- Born: 1934 (age 91–92) US
- Education: University of Illinois
- Known for: Photojournalism
- Spouse: Germaine Loc Swanson (m. 1969)
- Website: swansonphotography.com

= Dick Swanson =

American photographer

Dick L. Swanson is an American photographer renowned for his work, particularly as a war photographer with numerous published photographs in the United States.

==Biography==

=== Early life ===
Dick Swanson was born in 1934 and raised in Illinois. He worked at newspapers owned by his uncle and later became a staff photographer at the News-Gazette in Champaign, Illinois while studying at the University of Illinois.

Life magazine first published one of his photos, a Miscellany called A Bubble that has Ears, in 1957. Swanson temporarily gave up photography to become a commercial pilot. Following college, he worked for The Des Moines Register and the Davenport Democrat and he later signed a contract with New York's Black Star. Swanson worked for the Des Moines Register, where he shot "Man Alone", a photograph of a firefighter on a ladder engulfed in flames, which was recognized by the 1963 Pulitzer jury as "good on-the-spot work".

=== Vietnam ===
In 1966, Swanson went on assignment for Life to Vietnam, where he met his future wife, Germaine Loc; they married in 1969 in Vietnam and moved to the US in 1971. For his work in Vietnam, he was recognized as among the top military photographers by the project "A Day in the Life of the United States Armed Forces." Eventually Swanson became a White House photographer for Life until the magazine ended publication in 1972. Swanson stayed at the White House bureau and worked for such magazines as Fortune, People, and Time.

=== Later life ===
In April 1975, Swanson returned to Vietnam to bring his wife's family to the United States during the fall of Saigon. He took time off from photography in the late 1970s to help his wife open a Washington DC restaurant which was popular in 1979.

Around 1980, Swanson began working for National Geographic, Newsweek and The Washington Post as a freelance photographer.

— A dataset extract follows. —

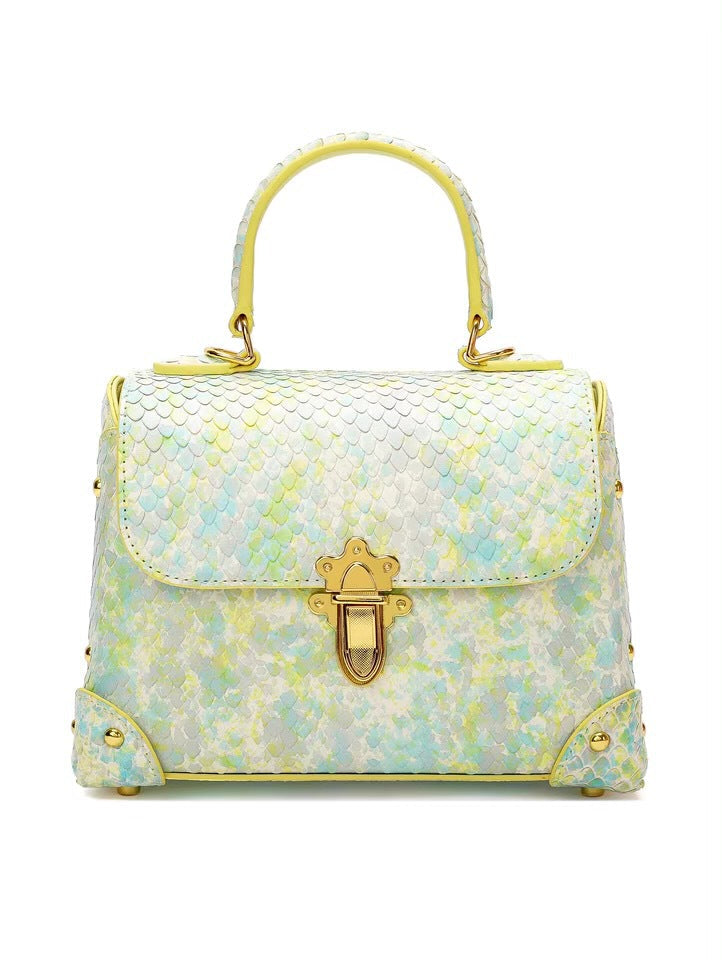 Women's Toe Layer Cowhide Fashion Snake Pattern Handbag LadyShow.Store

Currently he uses Final Cut Pro for all his work and is a producer of films for the Video Action Fund.

==Awards==
During Swanson's career he received awards from such companies as World Press and NPPA. His work was added to the permanent collection of the Museum of Modern Art and he contributed to the Corcoran Gallery of Art's exhibition entitled "The Indelible Image" in 1986. Some of his work is in a collection at the Dolph Briscoe Center for American History, University of Texas at Austin. That collection contains over 3,000 photographs and negatives shot from 1959 - 1994. His work is also in the LIFE Image Collection owned by Getty Images.